**What is needed**
Find all the lines in the entries below that hold the word "baths" and copy them.

========

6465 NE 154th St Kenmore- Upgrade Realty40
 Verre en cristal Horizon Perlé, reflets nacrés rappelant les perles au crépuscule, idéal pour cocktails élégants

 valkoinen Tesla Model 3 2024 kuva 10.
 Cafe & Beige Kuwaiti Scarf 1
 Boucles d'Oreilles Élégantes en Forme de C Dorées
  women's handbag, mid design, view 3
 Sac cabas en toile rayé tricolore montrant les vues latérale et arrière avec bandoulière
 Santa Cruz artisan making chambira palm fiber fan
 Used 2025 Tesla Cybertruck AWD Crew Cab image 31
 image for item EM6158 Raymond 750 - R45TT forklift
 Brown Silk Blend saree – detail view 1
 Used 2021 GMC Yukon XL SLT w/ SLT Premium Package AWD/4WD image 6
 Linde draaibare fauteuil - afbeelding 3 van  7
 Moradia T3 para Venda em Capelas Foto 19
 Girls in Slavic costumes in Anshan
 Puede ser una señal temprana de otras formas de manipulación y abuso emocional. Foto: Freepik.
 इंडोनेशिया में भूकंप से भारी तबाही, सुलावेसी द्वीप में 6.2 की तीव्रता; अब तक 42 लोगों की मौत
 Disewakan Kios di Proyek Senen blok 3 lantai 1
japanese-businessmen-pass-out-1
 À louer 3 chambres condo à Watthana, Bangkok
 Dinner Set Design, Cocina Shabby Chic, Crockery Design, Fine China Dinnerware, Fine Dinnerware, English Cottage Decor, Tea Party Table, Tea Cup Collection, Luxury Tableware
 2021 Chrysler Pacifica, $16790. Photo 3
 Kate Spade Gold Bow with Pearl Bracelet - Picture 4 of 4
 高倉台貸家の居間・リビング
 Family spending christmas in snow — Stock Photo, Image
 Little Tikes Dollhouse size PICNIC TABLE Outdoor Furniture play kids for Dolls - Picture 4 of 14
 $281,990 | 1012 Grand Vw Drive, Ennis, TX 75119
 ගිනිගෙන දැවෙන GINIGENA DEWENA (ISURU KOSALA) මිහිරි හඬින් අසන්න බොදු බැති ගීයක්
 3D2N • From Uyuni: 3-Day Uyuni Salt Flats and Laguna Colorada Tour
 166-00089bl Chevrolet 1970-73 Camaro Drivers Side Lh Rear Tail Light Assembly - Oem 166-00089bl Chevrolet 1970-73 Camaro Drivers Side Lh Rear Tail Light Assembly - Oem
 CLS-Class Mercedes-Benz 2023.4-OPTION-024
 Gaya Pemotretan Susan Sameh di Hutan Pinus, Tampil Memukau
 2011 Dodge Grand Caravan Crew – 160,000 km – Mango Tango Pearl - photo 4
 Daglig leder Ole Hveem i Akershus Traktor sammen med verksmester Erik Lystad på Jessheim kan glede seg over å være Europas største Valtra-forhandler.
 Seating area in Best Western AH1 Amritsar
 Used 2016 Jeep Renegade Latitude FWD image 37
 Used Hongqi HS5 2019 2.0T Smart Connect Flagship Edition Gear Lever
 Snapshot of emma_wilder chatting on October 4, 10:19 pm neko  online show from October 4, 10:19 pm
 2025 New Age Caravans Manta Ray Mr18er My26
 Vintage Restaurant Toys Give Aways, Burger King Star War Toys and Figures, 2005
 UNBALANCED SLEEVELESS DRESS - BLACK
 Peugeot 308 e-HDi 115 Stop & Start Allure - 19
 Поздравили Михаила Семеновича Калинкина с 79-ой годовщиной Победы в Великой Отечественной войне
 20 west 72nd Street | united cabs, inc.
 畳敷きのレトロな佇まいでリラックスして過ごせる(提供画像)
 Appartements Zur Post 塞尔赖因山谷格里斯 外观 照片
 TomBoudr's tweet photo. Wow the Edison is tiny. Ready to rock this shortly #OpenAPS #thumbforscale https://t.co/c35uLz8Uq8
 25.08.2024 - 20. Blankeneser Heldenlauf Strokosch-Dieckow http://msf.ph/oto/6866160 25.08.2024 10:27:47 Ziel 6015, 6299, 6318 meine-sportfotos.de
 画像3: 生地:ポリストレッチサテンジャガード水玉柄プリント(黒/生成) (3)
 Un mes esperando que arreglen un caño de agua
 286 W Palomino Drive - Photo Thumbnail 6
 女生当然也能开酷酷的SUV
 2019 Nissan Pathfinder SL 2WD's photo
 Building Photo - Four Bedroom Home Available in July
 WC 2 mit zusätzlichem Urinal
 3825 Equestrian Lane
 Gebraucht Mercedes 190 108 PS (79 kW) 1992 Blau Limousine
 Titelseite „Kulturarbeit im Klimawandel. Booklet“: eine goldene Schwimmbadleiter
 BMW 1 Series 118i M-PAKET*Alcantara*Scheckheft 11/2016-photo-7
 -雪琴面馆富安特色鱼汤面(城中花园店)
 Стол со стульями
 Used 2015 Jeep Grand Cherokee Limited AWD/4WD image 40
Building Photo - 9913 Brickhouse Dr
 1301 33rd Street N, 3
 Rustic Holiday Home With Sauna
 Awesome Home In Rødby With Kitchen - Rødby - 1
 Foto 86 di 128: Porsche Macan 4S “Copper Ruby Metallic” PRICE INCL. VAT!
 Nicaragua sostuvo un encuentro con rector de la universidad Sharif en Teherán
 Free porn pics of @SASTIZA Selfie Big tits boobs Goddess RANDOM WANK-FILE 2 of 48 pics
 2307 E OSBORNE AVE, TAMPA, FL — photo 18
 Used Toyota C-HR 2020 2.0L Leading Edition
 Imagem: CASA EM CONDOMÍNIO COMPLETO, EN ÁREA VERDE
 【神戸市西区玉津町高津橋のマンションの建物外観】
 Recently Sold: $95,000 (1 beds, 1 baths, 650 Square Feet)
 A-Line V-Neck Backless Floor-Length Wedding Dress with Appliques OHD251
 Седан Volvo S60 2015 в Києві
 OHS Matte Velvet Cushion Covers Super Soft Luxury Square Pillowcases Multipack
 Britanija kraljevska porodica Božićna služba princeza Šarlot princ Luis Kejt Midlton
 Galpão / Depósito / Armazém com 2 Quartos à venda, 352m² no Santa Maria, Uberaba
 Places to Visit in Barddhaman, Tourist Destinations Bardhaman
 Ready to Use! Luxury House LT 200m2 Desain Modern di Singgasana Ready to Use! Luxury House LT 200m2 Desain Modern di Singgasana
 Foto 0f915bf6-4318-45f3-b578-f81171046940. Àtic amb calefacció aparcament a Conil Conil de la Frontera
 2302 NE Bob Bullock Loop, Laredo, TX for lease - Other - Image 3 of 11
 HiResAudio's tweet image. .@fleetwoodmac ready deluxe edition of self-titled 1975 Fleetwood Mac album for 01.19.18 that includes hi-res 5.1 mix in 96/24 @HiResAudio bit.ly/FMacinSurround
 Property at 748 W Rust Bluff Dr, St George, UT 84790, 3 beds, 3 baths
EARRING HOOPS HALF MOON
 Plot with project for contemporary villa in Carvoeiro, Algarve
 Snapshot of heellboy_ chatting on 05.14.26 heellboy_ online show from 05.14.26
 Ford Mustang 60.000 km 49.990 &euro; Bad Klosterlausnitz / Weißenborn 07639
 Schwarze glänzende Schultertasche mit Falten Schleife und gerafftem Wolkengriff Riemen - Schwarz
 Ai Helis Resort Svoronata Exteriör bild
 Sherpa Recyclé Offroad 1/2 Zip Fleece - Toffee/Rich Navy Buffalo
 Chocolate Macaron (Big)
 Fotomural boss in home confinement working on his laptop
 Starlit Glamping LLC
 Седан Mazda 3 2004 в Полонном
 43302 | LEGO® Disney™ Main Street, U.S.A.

========

**Output of the exercise**
 Recently Sold: $95,000 (1 beds, 1 baths, 650 Square Feet)
 Property at 748 W Rust Bluff Dr, St George, UT 84790, 3 beds, 3 baths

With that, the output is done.